You may think that it’s no big deal but many people are cruel, confrontational, and think they have the right to police others especially if they think your “breaking the rules”.
Taking my son to the bathroom should not be an exercise in public shame and humiliation for us.
What will the future hold for us if/when he requires washroom assistance as a tall teenage boy and as a grown man?
I am so thankful for those places that offer a “family washroom” option or have come up with a creative way to make their washrooms more inclusive and accessible to individuals with a caregiver. We just need more inclusive washrooms.
I want to live in a world where everyone, (including individuals who require caregiver assistance) can go to the washroom with dignity, free from judgement and discrimination.
I will never be ashamed that my son is autistic. It’s one of the many parts of him that contribute to making him the amazing boy that I love and adore.
No one could ever take over the space in my heart that he fills with his spins, squeals, smiles, jokes and flaps. These things are mixed in amongst deep love, hope and faith.

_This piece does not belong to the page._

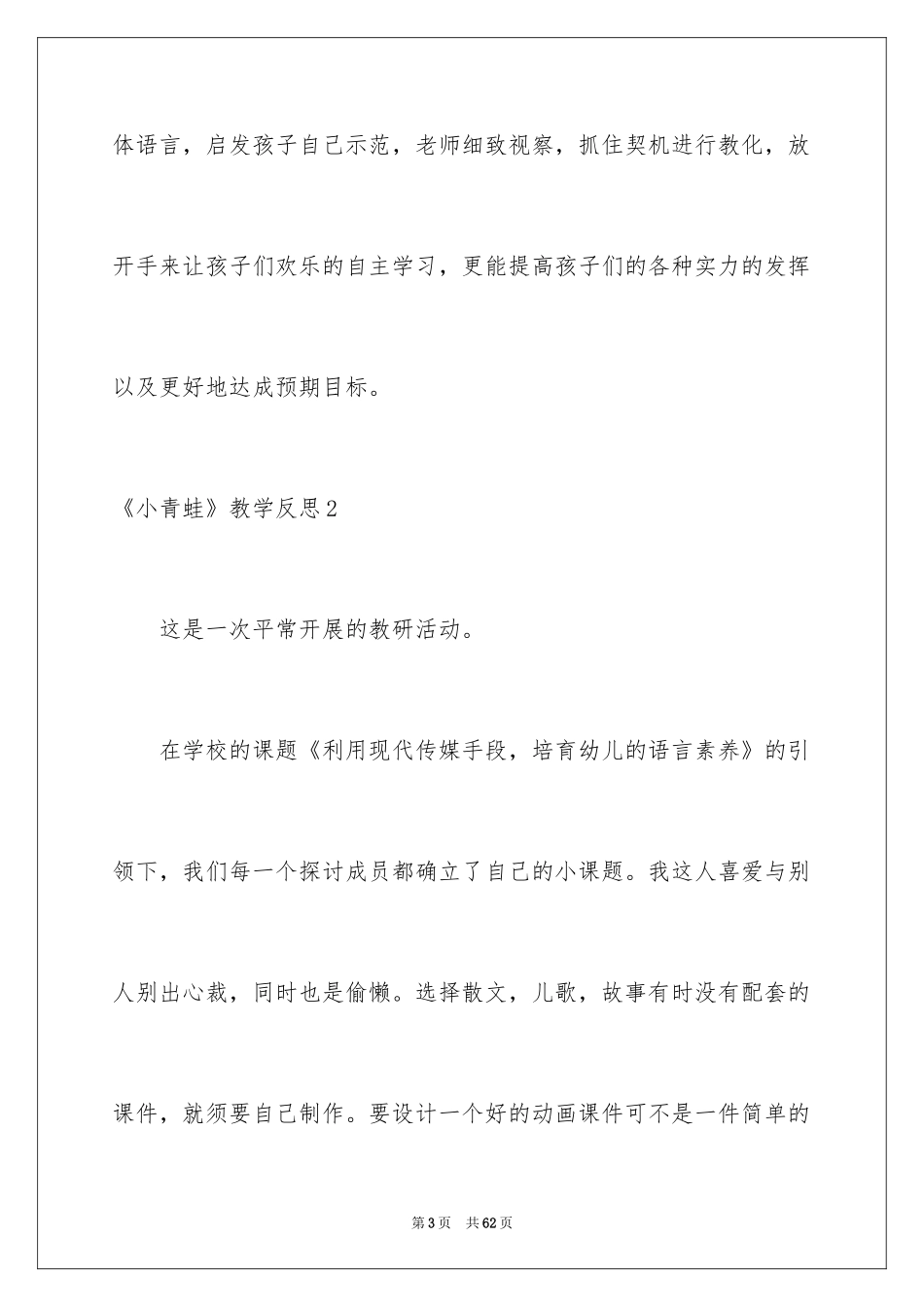 2024《小青蛙》教学反思_2_第3页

There is no room for shame here.
I’m not ashamed of autism and you shouldn’t be either because it’s not about a diagnosis.
It’s about the person.
My son brings so much more to this world than autism. He is smart, funny, charming, handsome, witty, kind, brave, loving.
I would hate for anyone to miss out on the positive bright light that he shines because they are consumed by the negatives.
Don’t miss out on something that could be amazing just because it could also be difficult.
Autism may look hard and challenging on the outside.
But, HE lives it every day from within.
Why would I punish him with shame for a life circumstance that he has absolutely no control over?
I will always take my son into the community. I will always encourage and support him. I will always hope for progress for him. I will always advocate for him. I will always walk beside him. I will always ensure that he is treated with respect and dignity because he is a human being and deserves to be treated as such.
I will always be his dance partner even when there is no music.
As I watch this bright, brave boy climb mountains and shatter nevers, I feel nothing but pride and gratitude because he’s mine and I am blessed beyond measure to be his Mama.